Ray Dolby, the engineer who pioneered the noise reduction in audio recordings that produced clearer sound for music and cinema, has died at the age of 80.
Dolby, whose name became synonymous with home sound systems and cinema, won an Oscar, a Grammy and two Emmys for his work.
He died at his home in San Francisco after suffering from Alzheimer's disease in recent years and leukaemia since July.
Neil Portnow, president of the Recording Academy, which hands out the Grammy Awards, said Mr Dolby's innovations had "changed the way we listen to music and movies for nearly 50 years".
"His technologies have become an essential part of the creative process for recording artists and filmmakers, ensuring his remarkable legacy for generations to come."
Mr Dolby was born in Portland, Oregon, and grew up in the San Francisco area. He began his career in the Ampex Corporation, helping to develop early videotape recording systems while he was still a student.
He then went on to complete his PhD at Cambridge University in England and in 1965 founded Dolby Laboratories in London.

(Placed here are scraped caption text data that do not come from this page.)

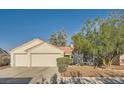 Charming single-story home with a two-car garage and desert landscaping at 4620 Standing Bluff Way, Las Vegas, NV 89130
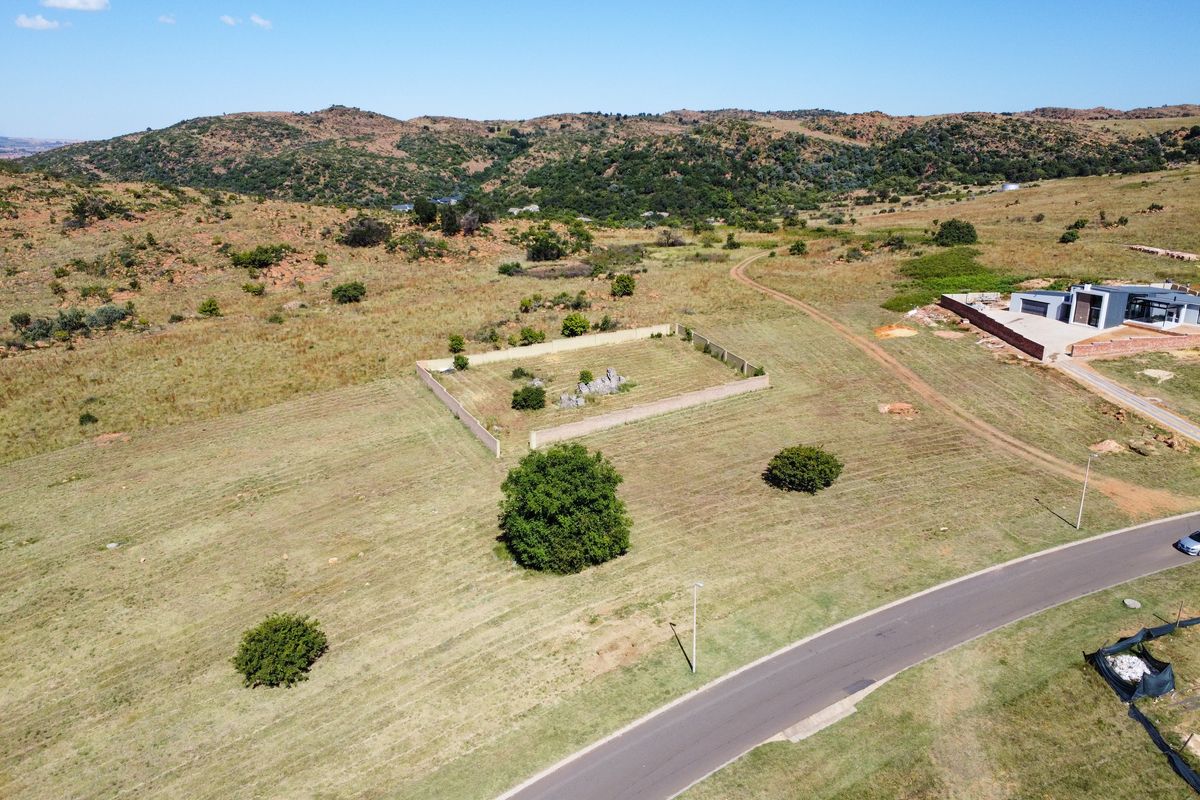 Aerial view of a vacant residential plot featuring a walled perimeter, natural landscape, and surrounding hilly terrain in a developing estate.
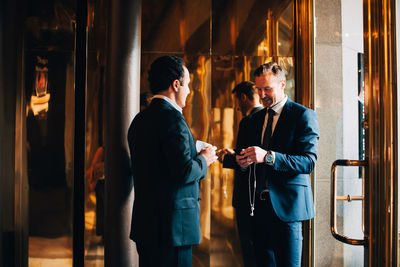 Smiling mature businessman talking while standing against glass at coffee shop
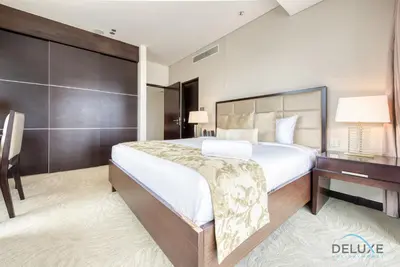 a bedroom with a large bed and a desk at Pristine 1BR at The Address Residences Dubai Marina by Deluxe Holiday Homes in Dubai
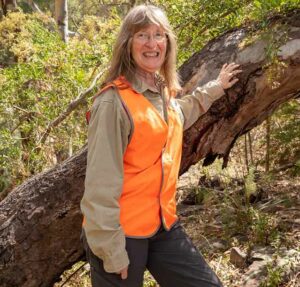 Liz Milner in a high vis vest in the field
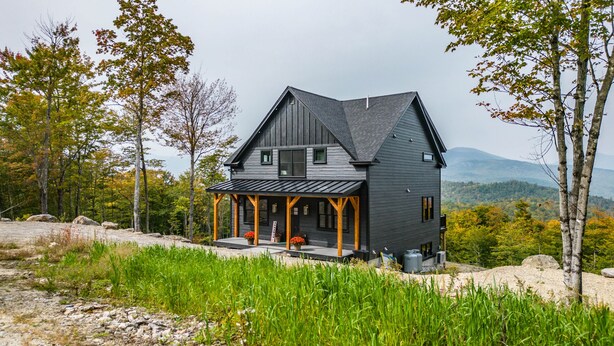 A two-story house with a dark gray exterior, a covered porch, and a view of a mountainous landscape. - Panoramic mountain view/Hot Tub/Shuffleboard/Theater room  Sunday River (Newry)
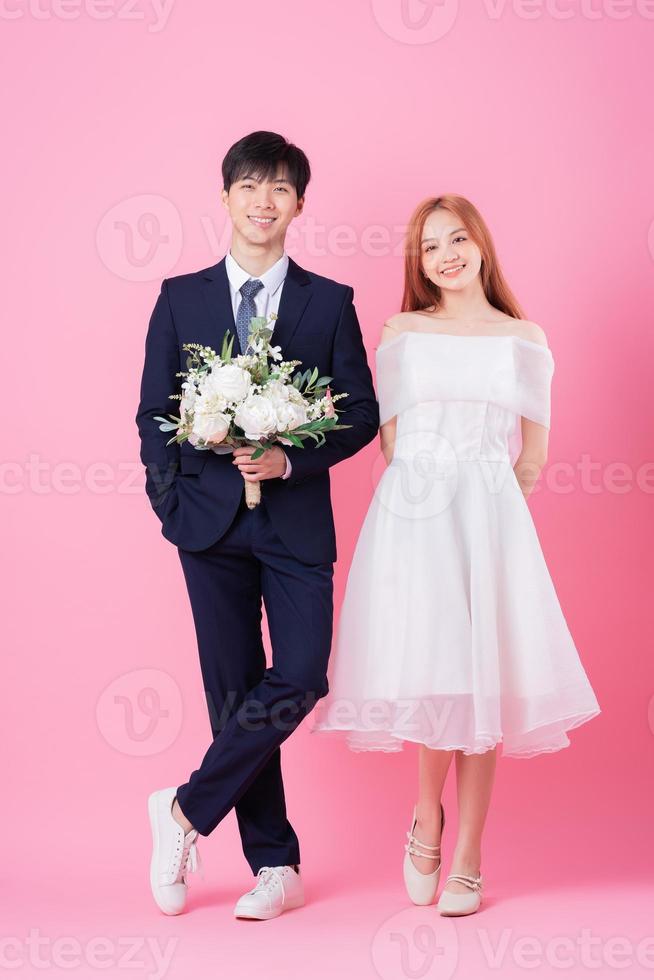 jonge Aziatische bruid en bruidegom poseren op roze achtergrond foto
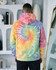 A hooded sweatshirt featuring a vibrant tie-dye pattern in pastel colours, including yellow, pink, blue, and green.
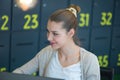 Attractive young woman using laptop while sitting at her desk. Young american businesswoman sitting in the office and working on Royalty Free Stock Photo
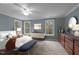 Staged bedroom boasts carpeting, natural light from large windows, and built-in dresser with staging decorations at 5600 Thornburg Dr, Wake Forest, NC 27587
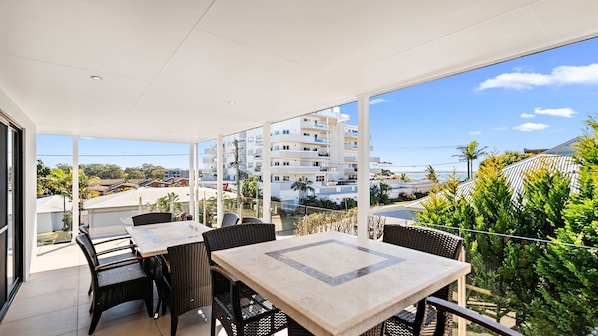 Un balcon avec des sièges d’extérieur, une vue dégagée sur un quartier résidentiel et un bâtiment en arrière-plan.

The company grew to be an industry leader in audio technology, cutting background hiss in tape recordings and later bringing out "surround sound", reports the BBC.
Mr Dolby moved his company to San Francisco in 1976 and in 1989 was awarded an Oscar for his contributions to cinema. He shared the award with Dolby executive Ioan Allen. He also received a Grammy award in 1995 and Emmy awards in 1989 and 2005.
Dolby Laboratories president Kevin Yeaman described Ray Dolby as a "true visionary".
Mr Dolby's son, filmmaker and novelist Tom Dolby, said: "Though he was an engineer at heart, my father's achievements in technology grew out of a love of music and the arts.